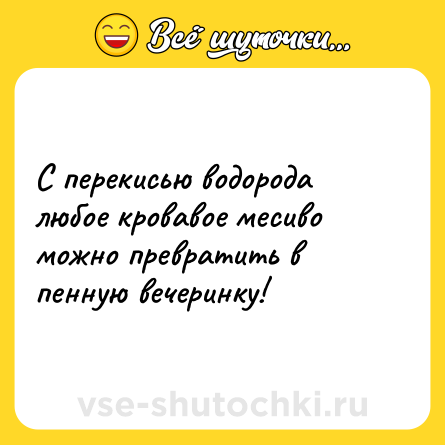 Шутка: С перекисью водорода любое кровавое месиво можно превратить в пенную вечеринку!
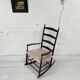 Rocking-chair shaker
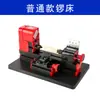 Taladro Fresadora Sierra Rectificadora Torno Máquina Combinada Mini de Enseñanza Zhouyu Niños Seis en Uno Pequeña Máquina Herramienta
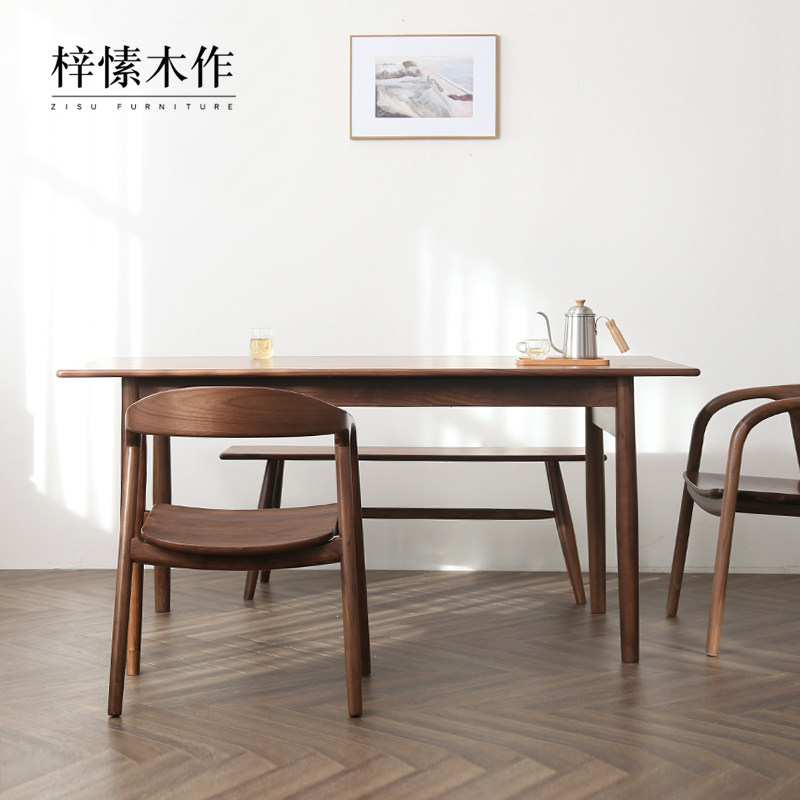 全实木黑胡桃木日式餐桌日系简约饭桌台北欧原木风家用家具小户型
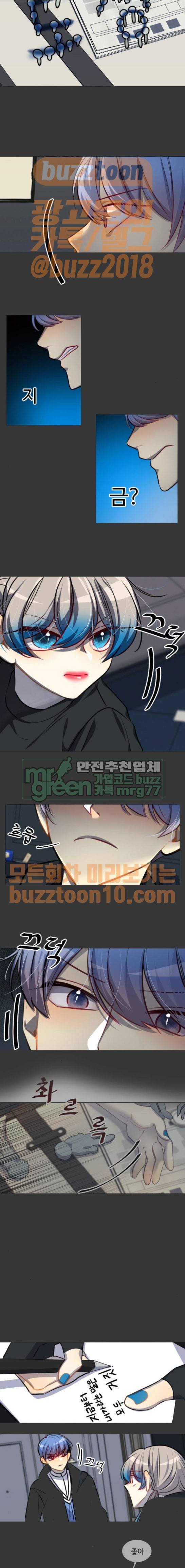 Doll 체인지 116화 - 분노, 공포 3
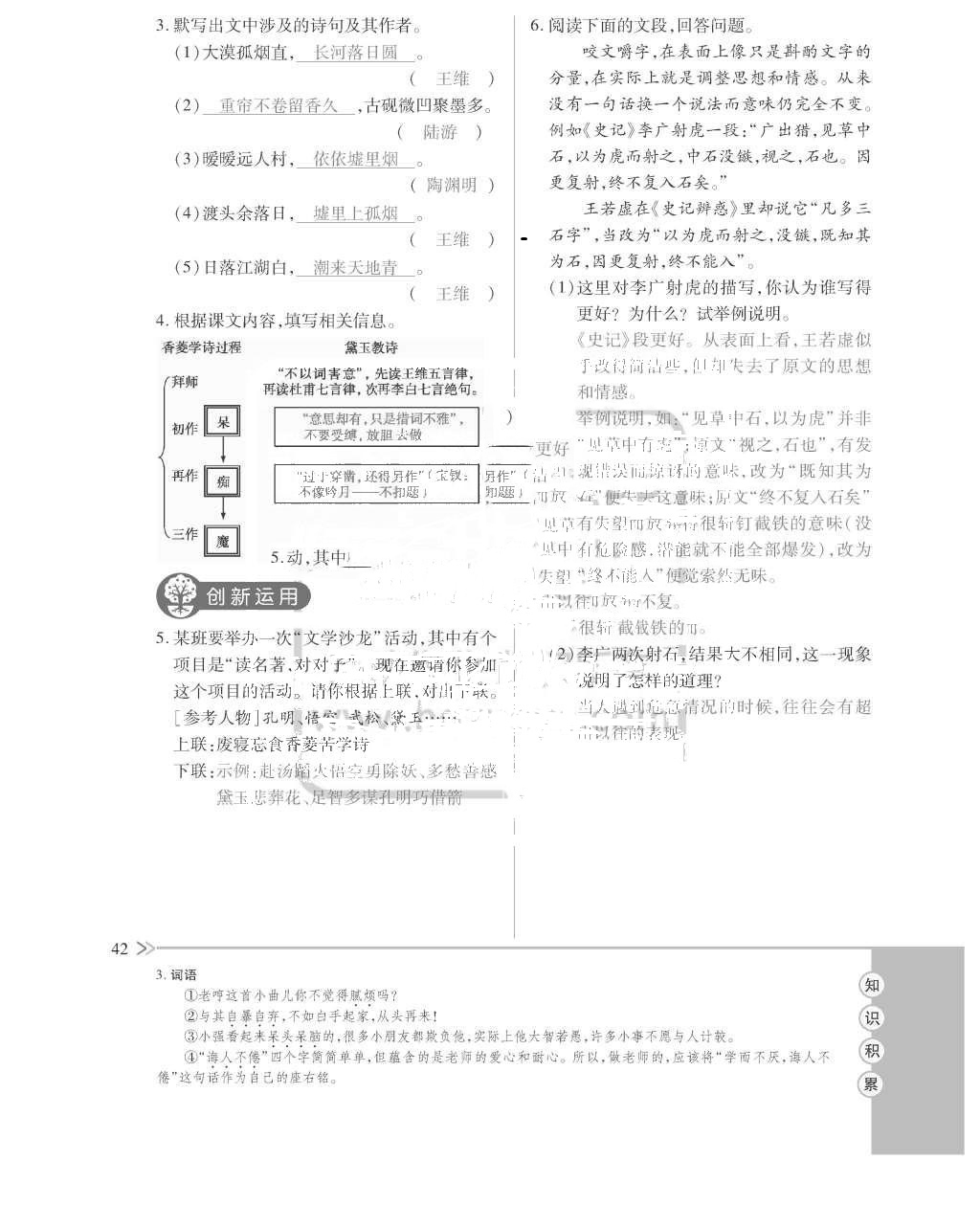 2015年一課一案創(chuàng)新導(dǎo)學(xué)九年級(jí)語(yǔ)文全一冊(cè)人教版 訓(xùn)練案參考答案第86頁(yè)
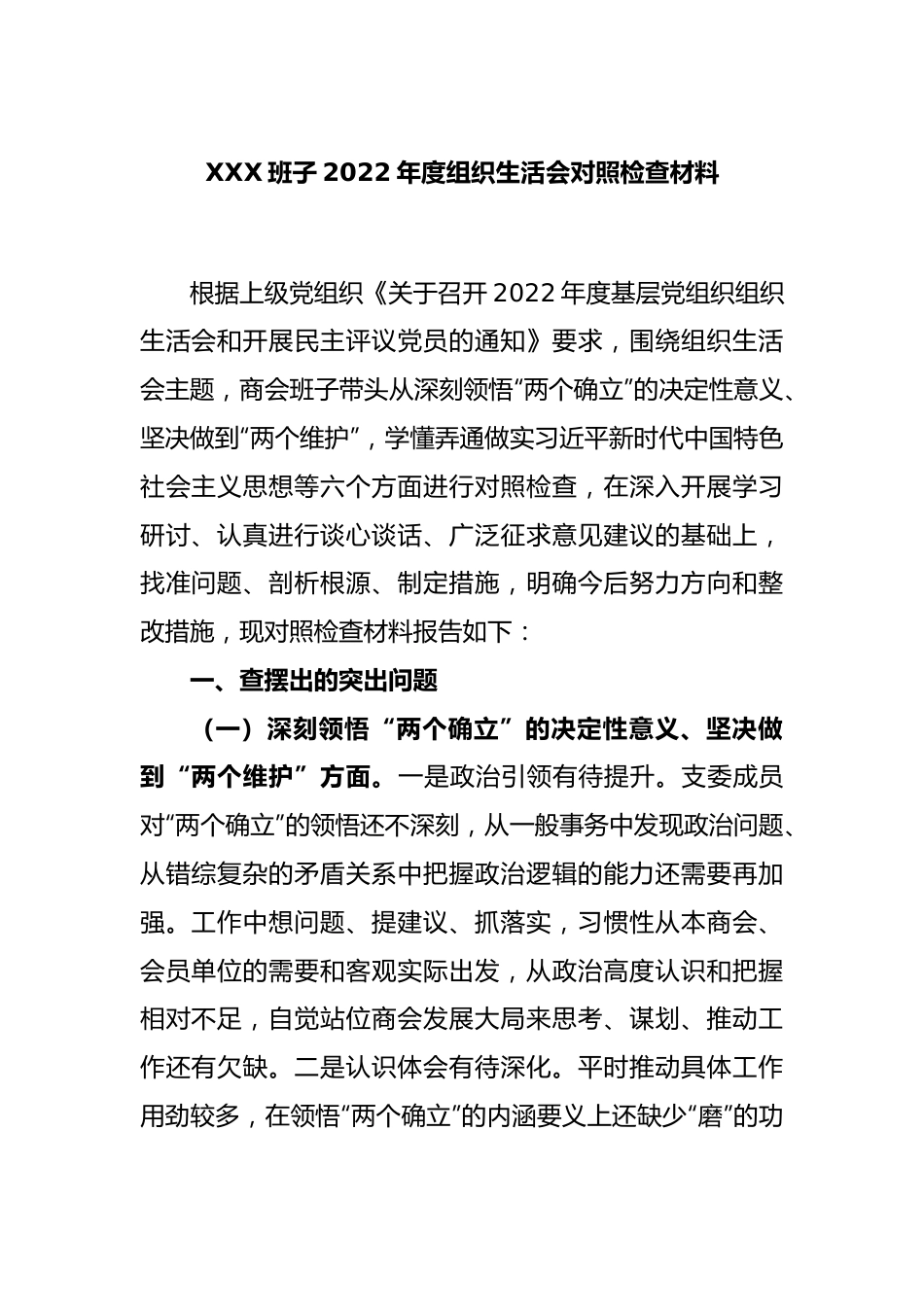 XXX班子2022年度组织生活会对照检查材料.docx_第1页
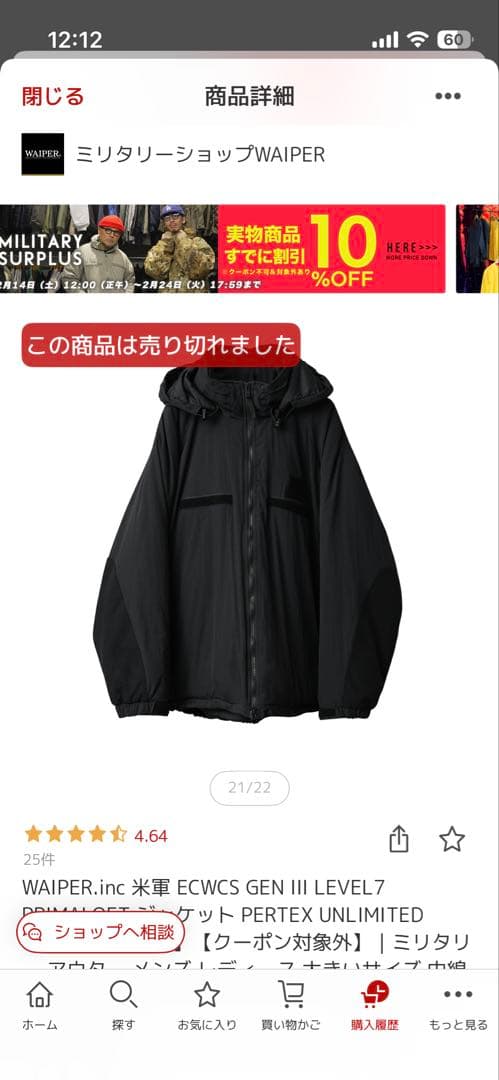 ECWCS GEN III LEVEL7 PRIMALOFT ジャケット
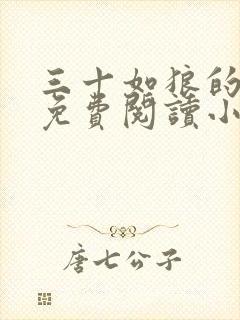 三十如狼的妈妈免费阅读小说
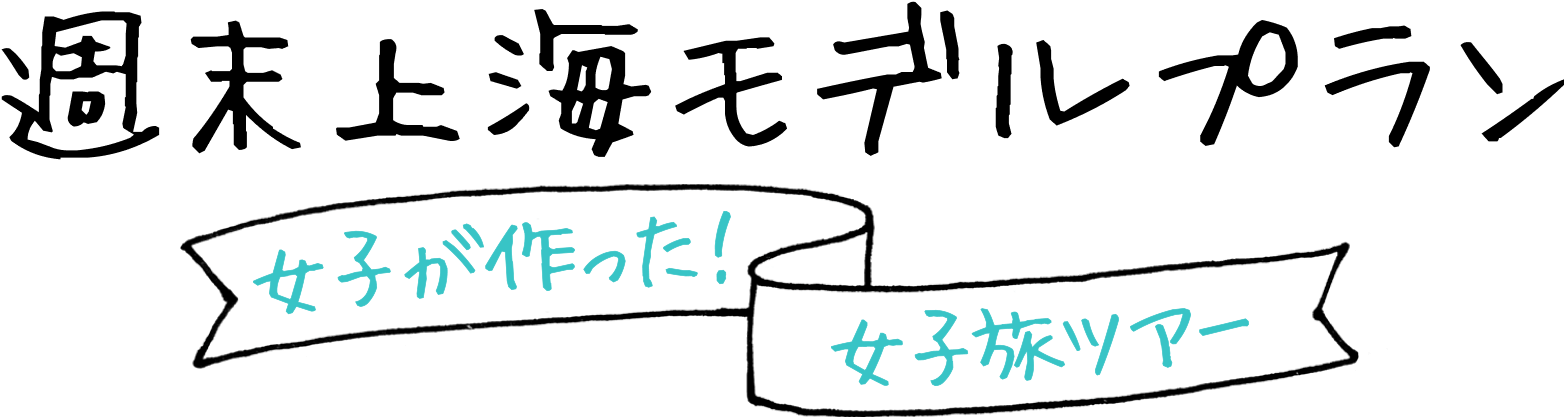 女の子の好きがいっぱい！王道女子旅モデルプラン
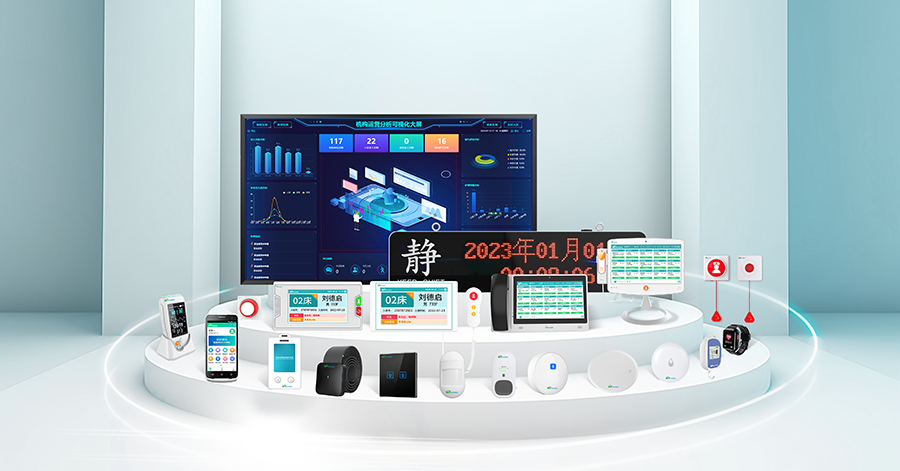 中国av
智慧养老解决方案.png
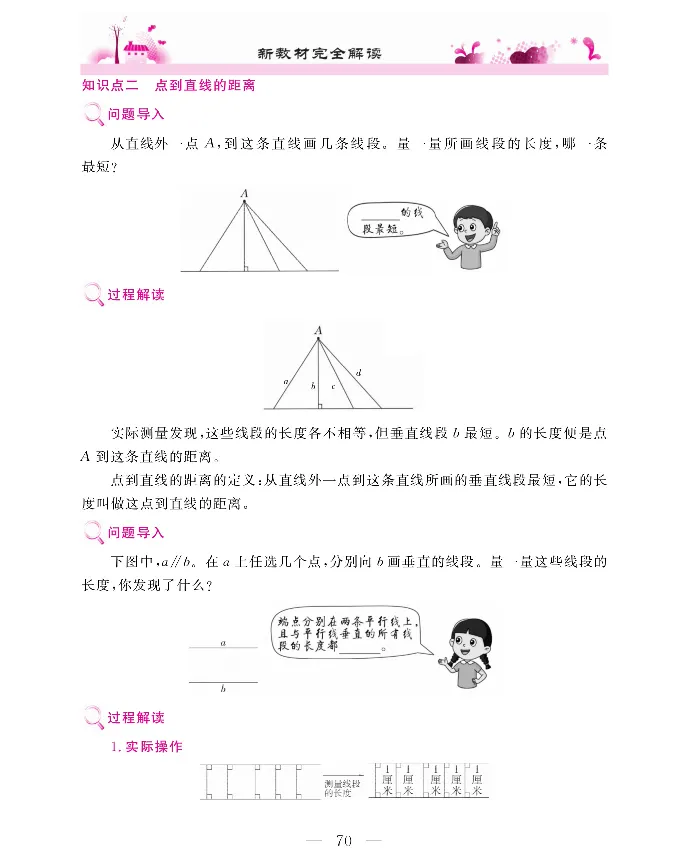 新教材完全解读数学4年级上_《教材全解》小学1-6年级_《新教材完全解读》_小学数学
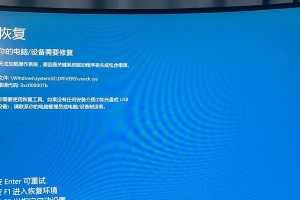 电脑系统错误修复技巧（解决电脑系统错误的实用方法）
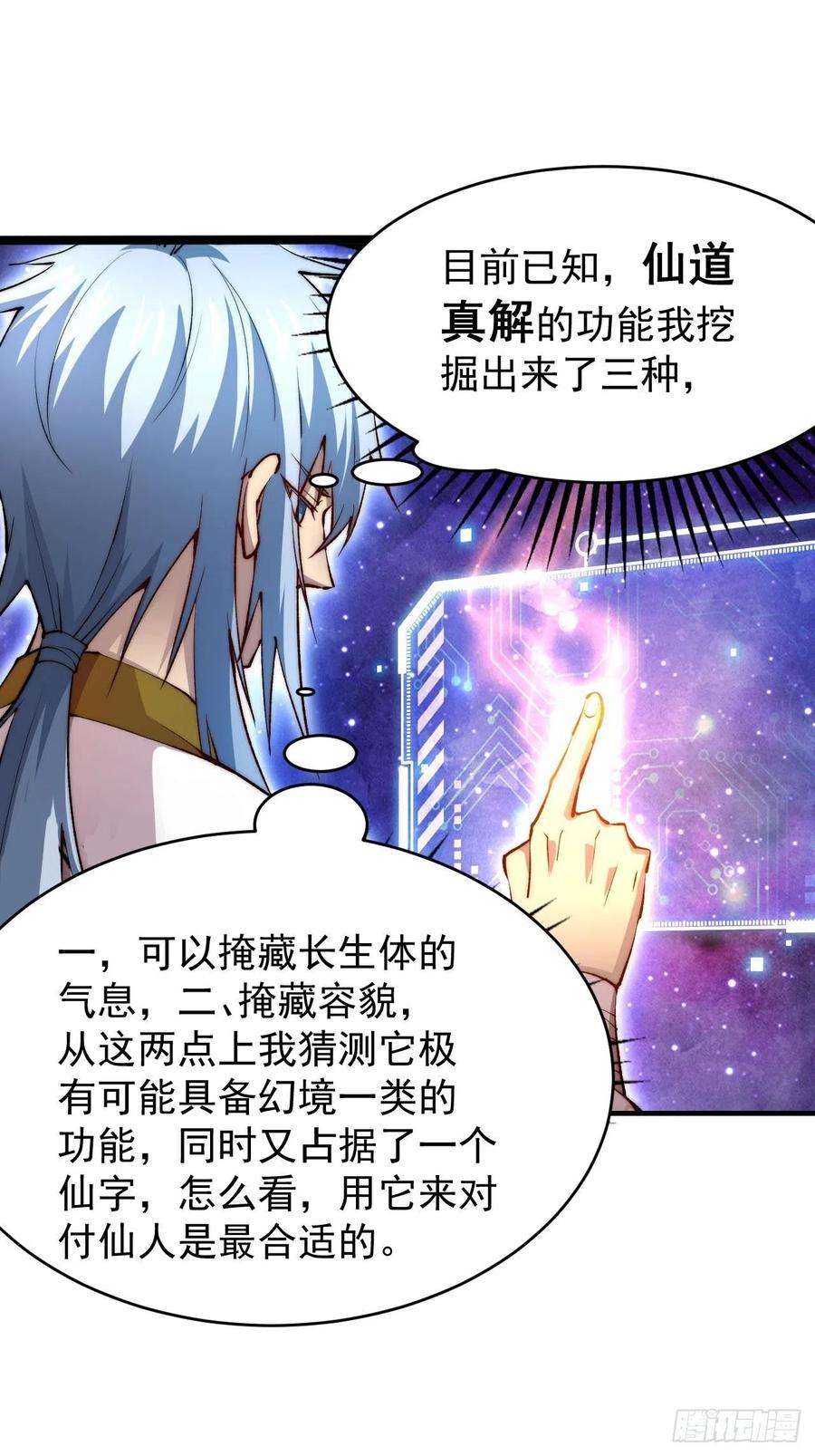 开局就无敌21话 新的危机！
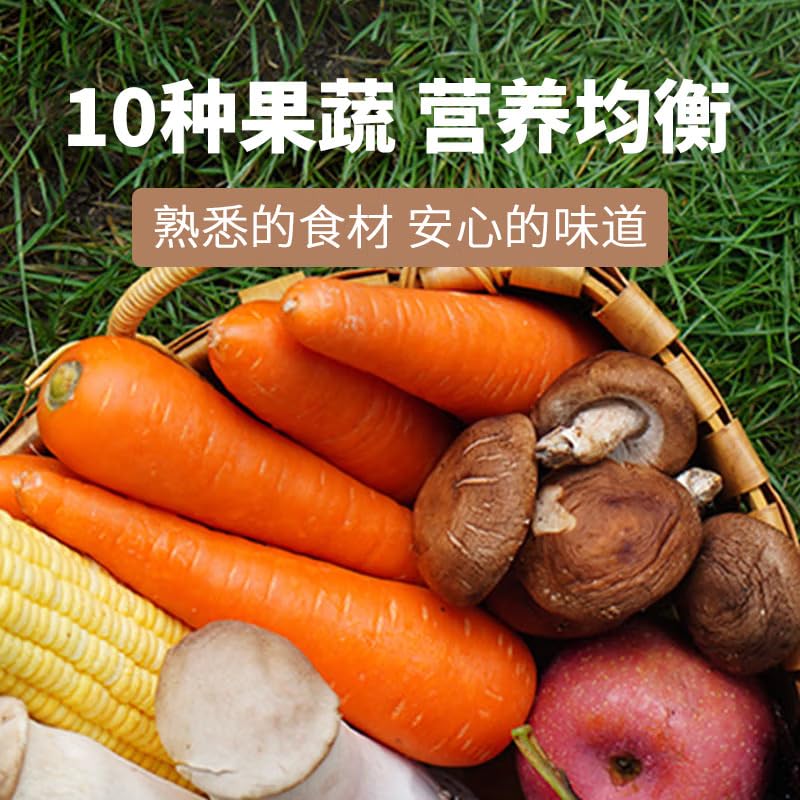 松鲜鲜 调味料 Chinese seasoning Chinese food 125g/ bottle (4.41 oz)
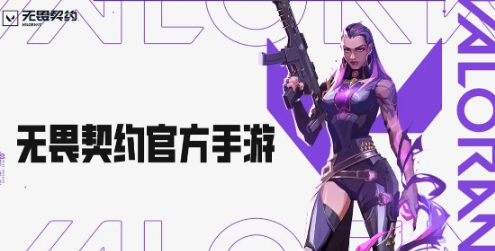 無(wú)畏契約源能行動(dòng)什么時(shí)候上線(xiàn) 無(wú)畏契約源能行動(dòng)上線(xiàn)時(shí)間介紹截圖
┄┄┄┄┄┄
= WHAT YOU NEED TO DO =
Restate the whole listing above exactly, except for its images.

= FINAL ANSWER =
 Шутка: С перекисью водорода любое кровавое месиво можно превратить в пенную вечеринку!
 Rocking-chair shaker
 Taladro Fresadora Sierra Rectificadora Torno Máquina Combinada Mini de Enseñanza Zhouyu Niños Seis en Uno Pequeña Máquina Herramienta
 全实木黑胡桃木日式餐桌日系简约饭桌台北欧原木风家用家具小户型
 Doll 체인지 116화 - 분노, 공포 3
 2015年一課一案創(chuàng)新導(dǎo)學(xué)九年級(jí)語(yǔ)文全一冊(cè)人教版 訓(xùn)練案參考答案第86頁(yè)
 XXX班子2022年度组织生活会对照检查材料.docx_第1页
 ECWCS GEN III LEVEL7 PRIMALOFT ジャケット
 三十如狼的妈妈免费阅读小说
 女の子の好きがいっぱい！王道女子旅モデルプラン
 中国av
智慧养老解决方案.png
 新教材完全解读数学4年级上_《教材全解》小学1-6年级_《新教材完全解读》_小学数学
 电脑系统错误修复技巧（解决电脑系统错误的实用方法）
 开局就无敌21话 新的危机！
 松鲜鲜 调味料 Chinese seasoning Chinese food 125g/ bottle (4.41 oz)
 無(wú)畏契約源能行動(dòng)什么時(shí)候上線(xiàn) 無(wú)畏契約源能行動(dòng)上線(xiàn)時(shí)間介紹截圖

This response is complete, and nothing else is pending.